Durante cinco días, del 6 al 10 de septiembre, el país entero vivió alrededor del papa Francisco. No recuerdo ninguna visita de personaje público o jefe de Estado que despertara tanto entusiasmo y empatía. Su presencia transmitió siempre, desde su llegada hasta que su avión despegó de Cartagena, una maravillosa y benefactora energía. Congregó a millones de personas en las misas que celebró, se reunió con grupos pequeños y grandes, incluso los televidentes pudieron sentirlo cercano. Queda la nostalgia tras su partida.
Medir los beneficios de la visita de Francisco es muy difícil y a lo mejor prematuro. Su mensaje estaba destinado a lo más íntimo de cada persona, a un lugar que no atiende a la lógica de la mayoría de asuntos con los que tratamos todos los días, como la política. Por eso es difícil saber a ciencia cierta qué tanto sus palabras penetraron a los millones de sus oyentes, qué tanto llegaron a la conciencia de quienes lo vieron, escucharon y siguieron.
Obviamente, la importancia de la visita del papa obedece en buena medida a ser la cabeza de la Iglesia Católica, la mayoritaria en el país. Pero sin duda, la persona de Francisco marca la diferencia. Una visita por ejemplo de Benedicto XVI no hubiera sido ni la sombra de la que tuvimos.
El mensaje del papa fue totalmente pertinente. Sus palabras, representadas básicamente en sus homilías, atendieron a los problemas y retos más apremiantes que tenemos los colombianos, su voz trascendió la superficialidad de la política y abordó los temas más humanos que todos debemos resolver día a día.
Francisco pidió “perder el miedo que nos inmoviliza y navegar mar adentro como invita Jesús a sus discípulos”. La paz que queremos conquistar como sociedad implica sin duda navegar en aguas desconocidas, dejar la orilla. Es claro que el país está explorando un nuevo territorio, andando incluso a tientas, pero no lo estamos haciendo para caer en el abismo, son los primeros pasos de un viaje mucho más esperanzador que aquel que sufrimos por muchas décadas. Claro que hay riesgos, como lo decía el papa, pero peor es no ‘echar las redes’.

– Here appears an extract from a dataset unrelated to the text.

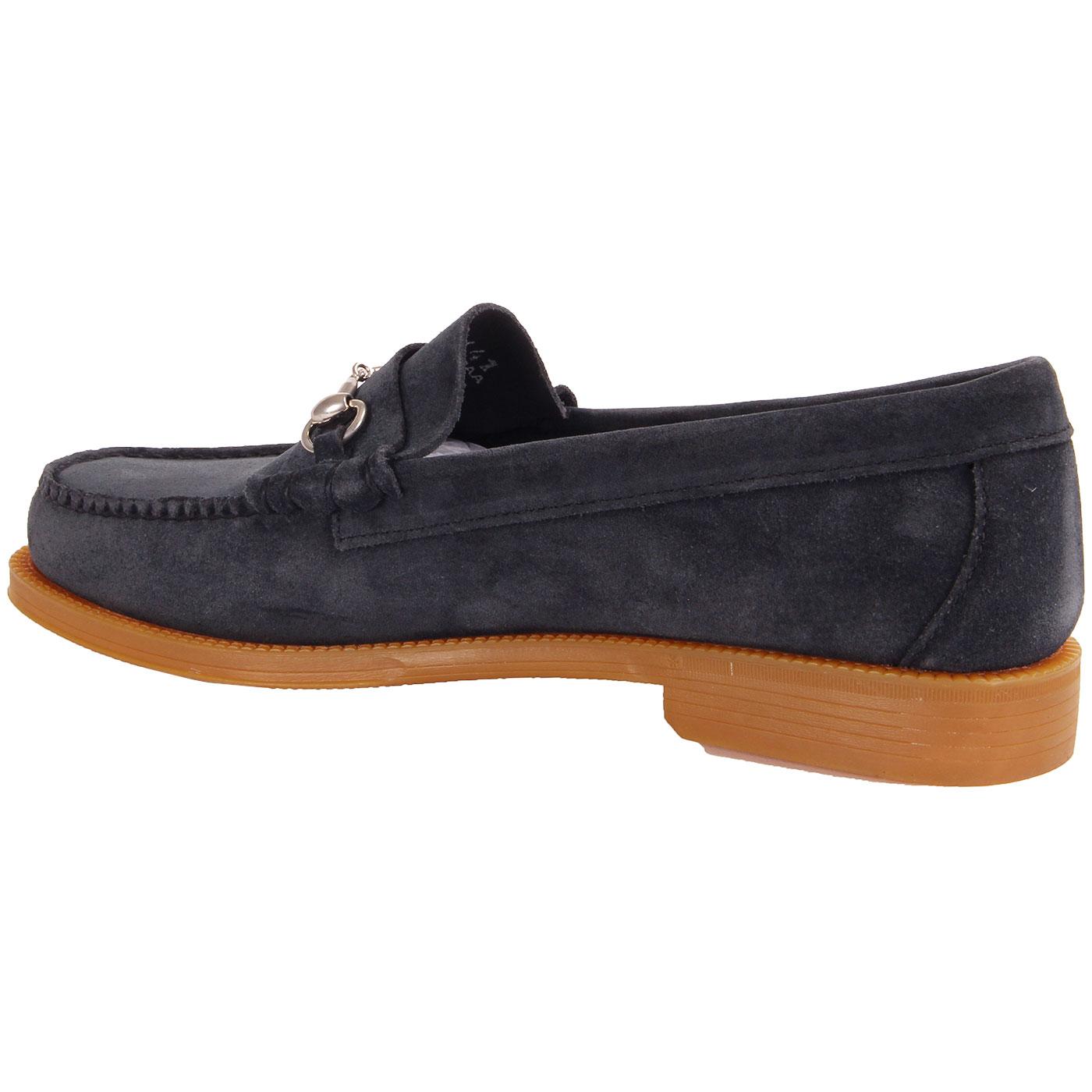 BASS WEEJUNS Lincoln Easy Weejun Suede Loafers in Navy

Era imposible escuchar una voz más sabia para nuestro momento, un consejero más pertinente para encontrar la paz. Francisco llamó a la reconciliación; no una reconciliación abstracta, sino concreta; no entre multitudes, entre dos personas. Un reto que nos espera todos los días. Comprendió profundamente las tareas que tenemos pendientes al terminar la guerra y situó a las víctimas en el centro: “hay que abrir una puerta a todas y cada una de las personas que ha vivido la dramática realidad del conflicto”. Invitó a las víctimas a vencer la tentación de la venganza, constituyéndose así en los más creíbles constructores de paz. Esto para nada implica legitimar injusticias y abogó por un sí a la verdad.
En Cartagena habló de la reconvención necesaria a quien está haciendo algo indebido, si no escucha traer a dos testigos, luego a la comunidad y si finalmente no hace caso dejarlo a su suerte por necio. Perdón, corrección y comunidad, los elementos para el regreso del díscolo. Dijo Francisco que el buen pastor deja a sus 99 ovejas para ir a rescatar la perdida. Que la falta de uno involucra a todos. ¿Acaso esto no es lo más parecido a un proceso de paz?

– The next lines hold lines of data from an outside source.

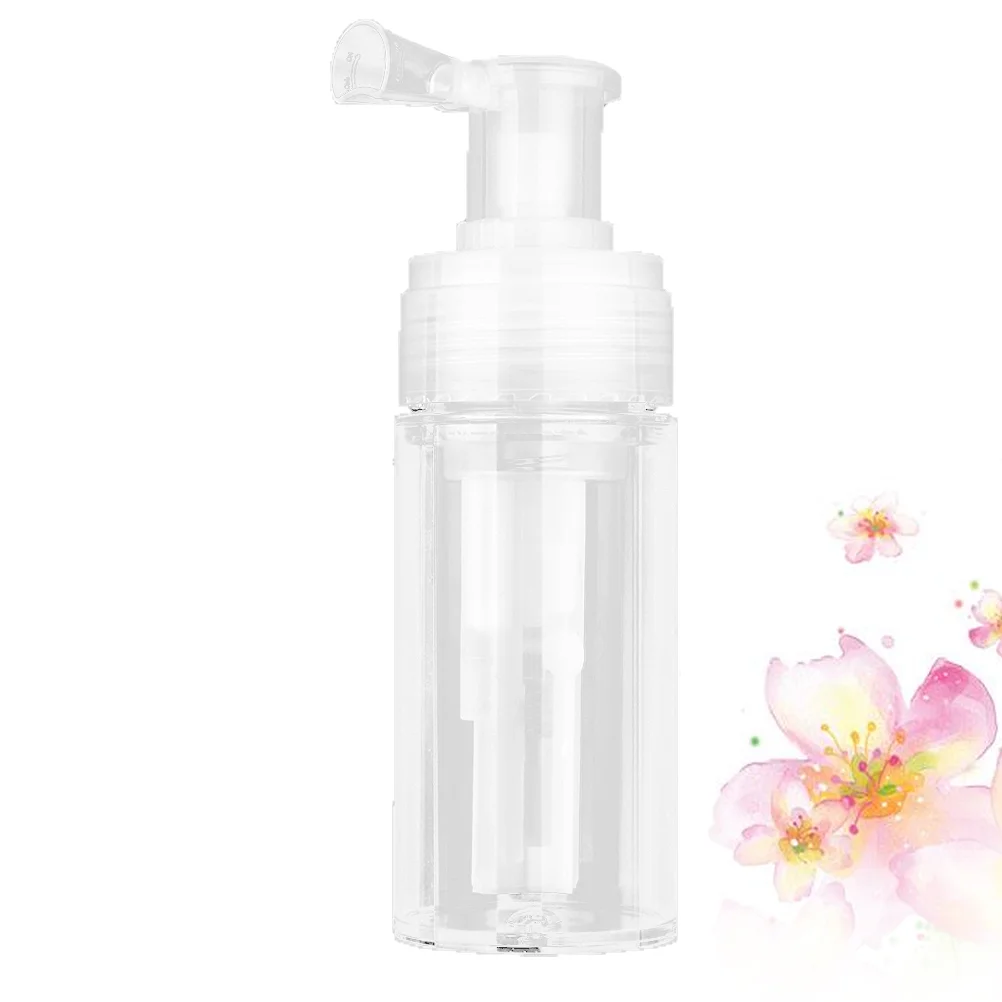 

1Pc 110ml Refillable Spray Bottle Portable Travel Bottle Hairdressing Tool Empty Bottle Container (Transparent)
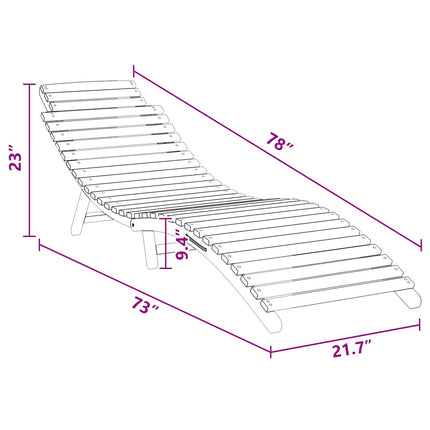 Solstol Brun 198 x 55 x 58,5 cm Massivt teakträ
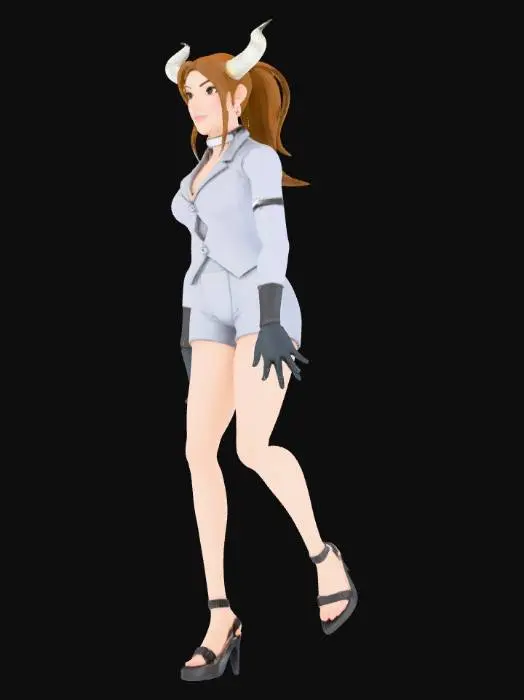 3D model for Minotaur Businesswoman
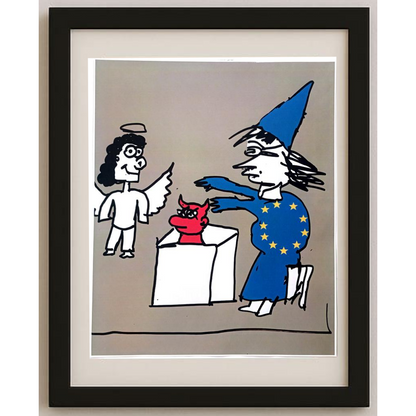 Efecan Sönmez 35x27cm Orijinal Karikatür BOD00559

El papa indicó que quien toma la iniciativa es el más valiente, que la paz requiere una delicada armonía entre política y derecho, un encuentro personal entre víctimas y victimarios. Que la reinserción comienza en un diálogo de dos. Conocer la verdad, reparar y emprender acciones para evitar que se repitan los crímenes es vital para la reconciliación que nos propone Francisco.
Ojalá los colombianos hayamos tenido oídos para escucharlo, para encarnar su palabra. Que su sabiduría y su presencia nos acompañe a todos.